En toda la crítica historicista contra la utopía se puede percibir el recelo a su realización y el temor, sobre todo, a sus consecuencias autoritarias, pues toda utopía actúa como un autoritarismo –evitaremos hablar del totalitarismo, otro imposible político-ontológico– en potencia. Paralelamente, basa su crítica en demostrar que la utopía es ineficaz por su idealismo y su alejamiento de la realidad, por su no realización; aunque este temor a su realización y, a la vez, esta crítica de su inutilidad, puedan resultar contradictorios, ambos argumentos no se excluyen: al ser ideal, la utopía debe esforzarse por hacerse real; no obtante, aunque sea ideal, esto es, aunque no llegue a realizarse, seguirá siendo peligrosa (como se ha señalado tan repetidamente).
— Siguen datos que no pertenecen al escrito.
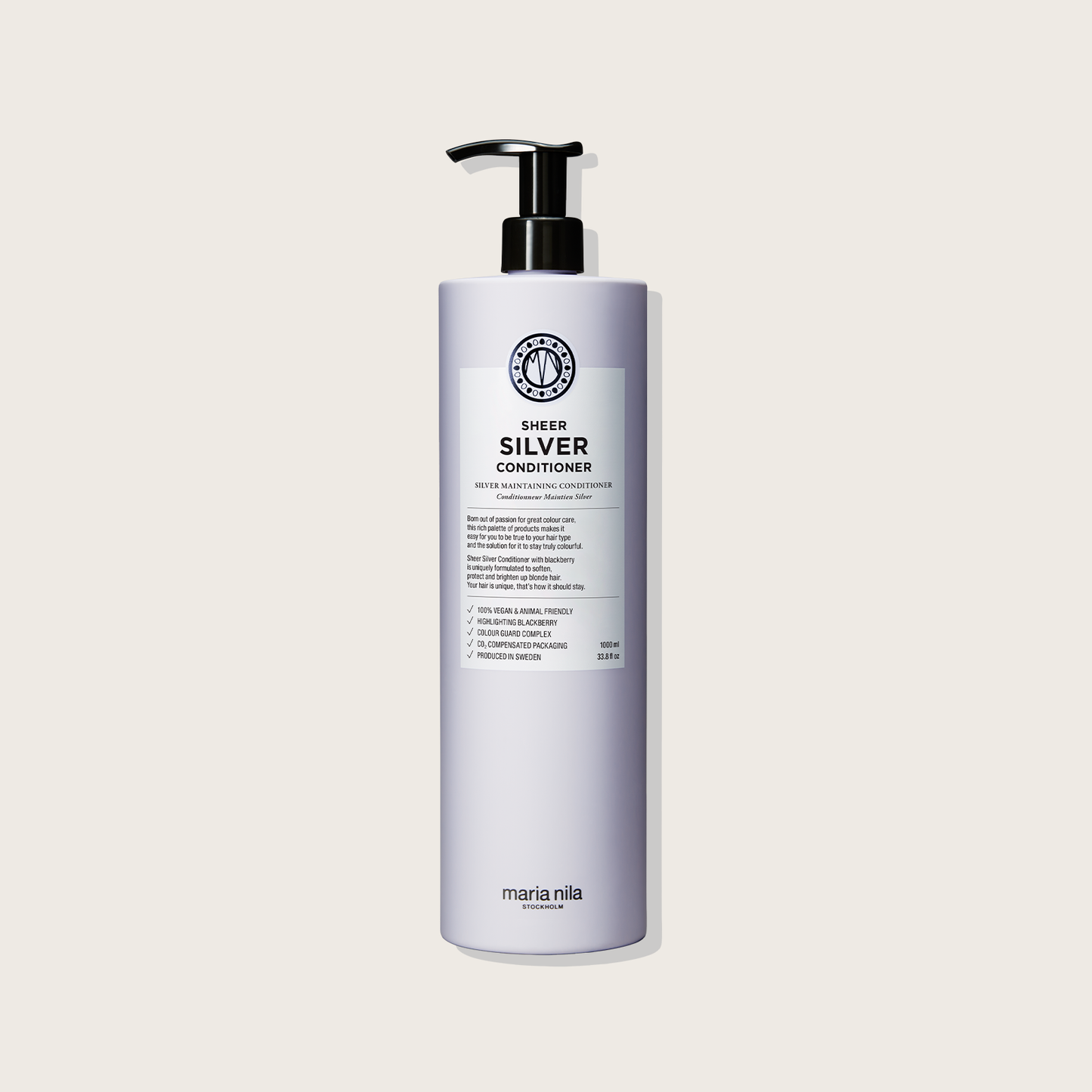 Maria Nila Conditioner Sheer Silver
Precisamente, la contradicción entre el ideal utópico y su realización, tal como lo propone la propia utopía, constituye la más violenta crítica a la realidad histórica del momento, que impone situaciones autoritarias en la realidad de la utopía.
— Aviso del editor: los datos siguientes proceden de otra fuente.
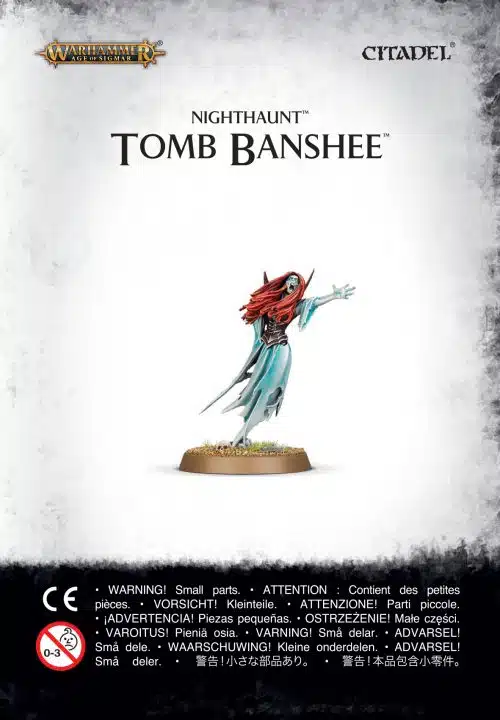 Tomb Banshee - Nighthaunt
También sería preciso indicar que la utopía –o la democracia perfecta, el asalto a los cielos, la nación libre de estados opresores– sólo podría alcanzarse en un desarrollo histórico –aunque, en sí misma, sea ahistórica–, pero este desarrollo se piensa en categorías muy distintas a las utópicas. Esto, claro está, sería correcto si se refiriese a la utopía literaria, pero la crítica que de ahí se deduce es, en sí, poco potente, ya que es evidente que sería un error pretender realizar la utopía con toda la perfección inherente a ella misma. Así pues, a nuestro entender, y contra lo que proclama todo este farragoso excurso sobre la utopía, lo más importante y potente es señalar y criticar los modos utópicos actuales, presentes en las ideologías entre las que nos desenvolvemos, pues, aunque es patente la incapacidad de la utopía para producir realidad, es decir, para realizarse, esto no resta fuerza alguna a su crítica e influencia. La utopía, como reino de la posibilidad, actuando de alguna manera como un ideal regulativo, abre nuevos mundos, nuevas perspectivas que influyen en lo ya establecido, si no drásticamente, sí perceptiblemente.
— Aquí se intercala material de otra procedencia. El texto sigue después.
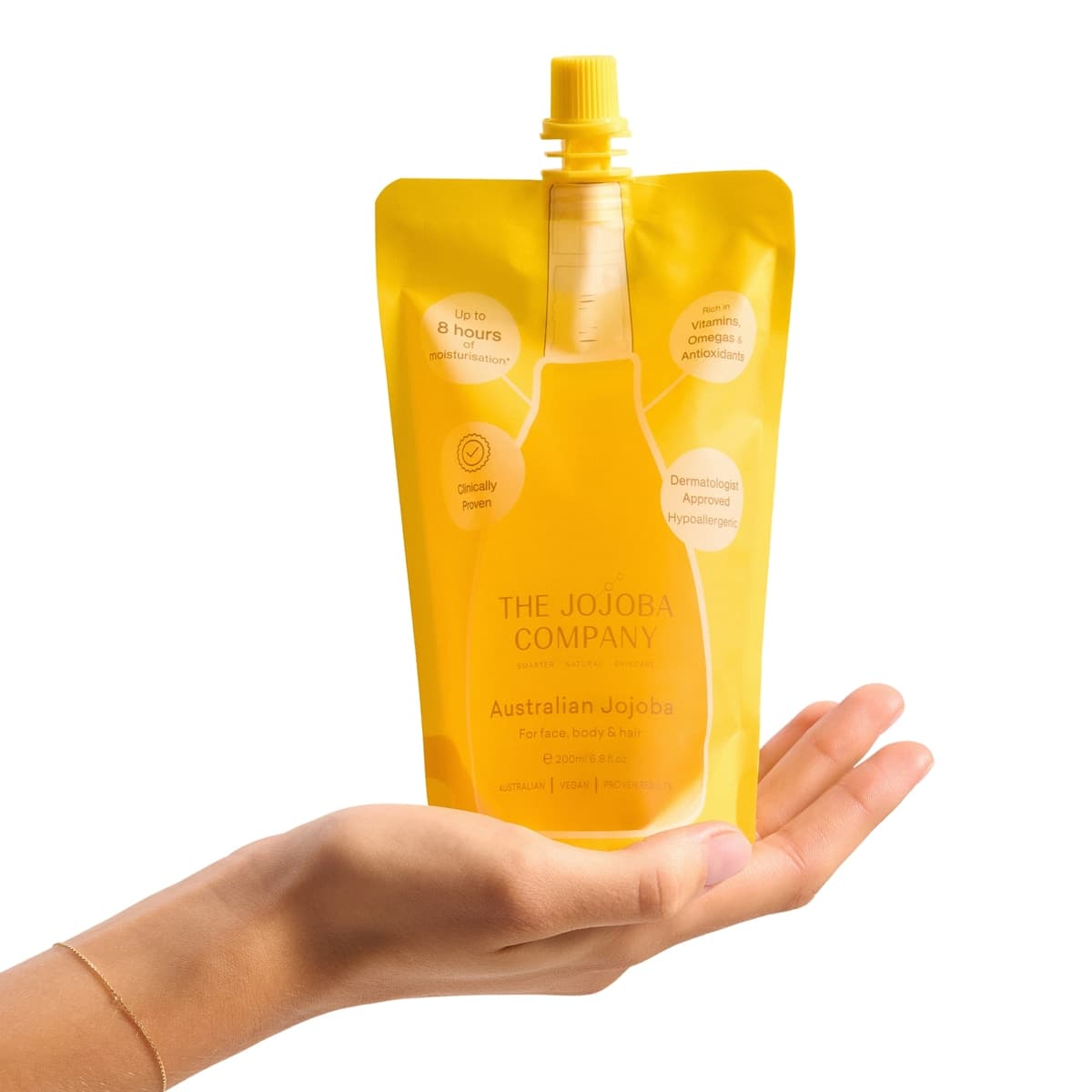 Thumbnail The Jojoba Company Australian Jojoba Refill Pouch 200ml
La eficacia del pensamiento utópico es la eficacia de su pensamiento crítico. Genera una imaginería, unas ideas, cuyo objetivo no es otro que la construcción de una sociedad diferente; problematiza la legitimidad de la forma de gobierno existente; desestabiliza los modelos existentes con ideas imposibles pero atractivas; ahí reside su potencia crítica y su peligro. En definitiva, si, por un lado, es digna de ser valorada la capacidad que la utopía alberga para meter el dedo en la llaga, también es digna de ser temida y rechazada la fatal seducción que ejerce.

[1] Un utópico del Renacimiento sólo tenía que asomarse a los textos de la Política de Aristóteles, a La República de Platón o a los Oficios de Cicerón para nutrirse perfectamente con los textos fundamentales heredados de la antigüedad. Y es que lo mejor de una verdadera utopía tuvo ya sus representantes en sabios y escritores como Homero, Hesíodo u Ovidio.